Algı tüccarları iş başında
Değerli okurlarım algı ve olgu mefhumunun önemini yakinen bilen bir hekimim. Algı ve olgu her alanda alıcısı ve satıcısına göre farklı sonuçları ile insanımızı şaşırtır.
Meselenin anlaşılması ve daha iyi kavranması için iki kısa
örnek vermek isterim. İlk örneğim mesleki faaliyetlerimle ilgili.

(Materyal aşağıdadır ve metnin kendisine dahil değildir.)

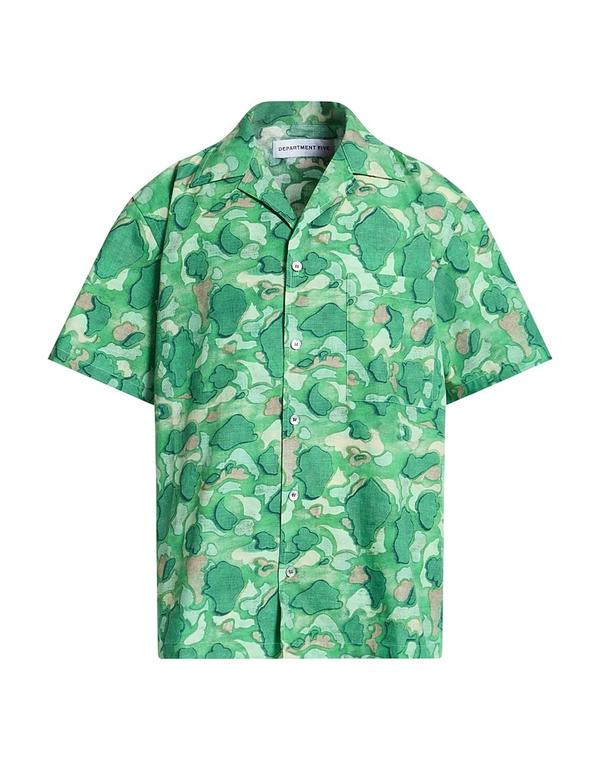 デパートメントファイブ メンズ トップス シャツ DEPARTMENT 5 柄入りシャツ Green グリーン|ReVida 店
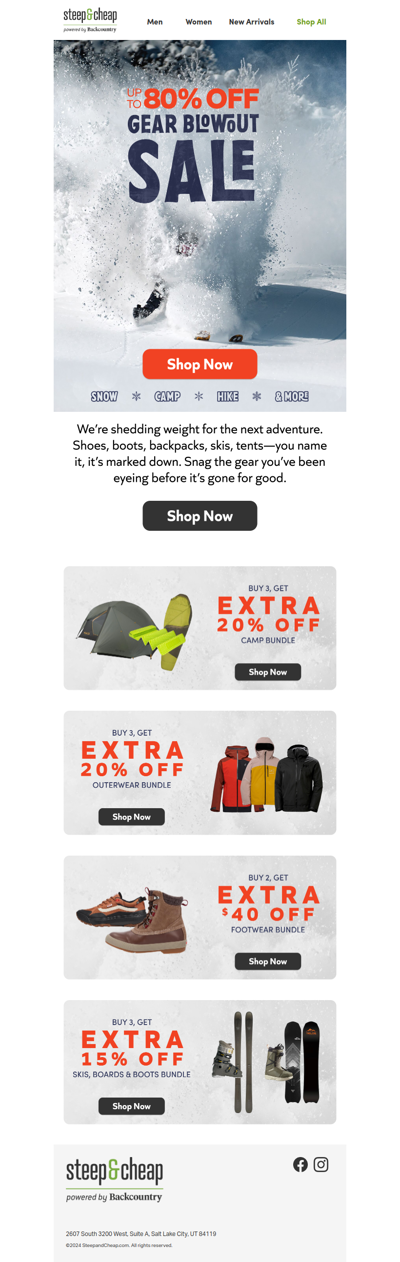 Everything outdoors ⛰️ Up to 80% off while it lasts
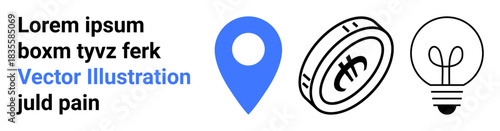 Technology, innovation, cryptocurrency, geolocation, creative ideas, digital economy. Blue geolocation marker, coin with Bitcoin symbol and lightbulb. Geolocation and cryptocurrency concepts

Bir insan düşünün, herhangi bir sağlık şikâyeti nedeni ile
hekime gider veya bir yakınına anlatmaya başlar, kendine göre bazı önceliklerini
sıralar, önceden satın aldığı bir hastalığı
pazarlar ve bir hekim bunun üzerinde biraz fazla durarak bazı tetkikler istese,
sağlıklı vatandaş durumdan vazife çıkarır. Acabalarla başladığı yolculuğundahasta olmadan hasta olabilir.
Bunca ilerlemeye ve inkişafa rağmen İnsan beyninin bu ve benzer
durumlardaki algı ve olgu muamması hâlâ çözülebilmiş değil.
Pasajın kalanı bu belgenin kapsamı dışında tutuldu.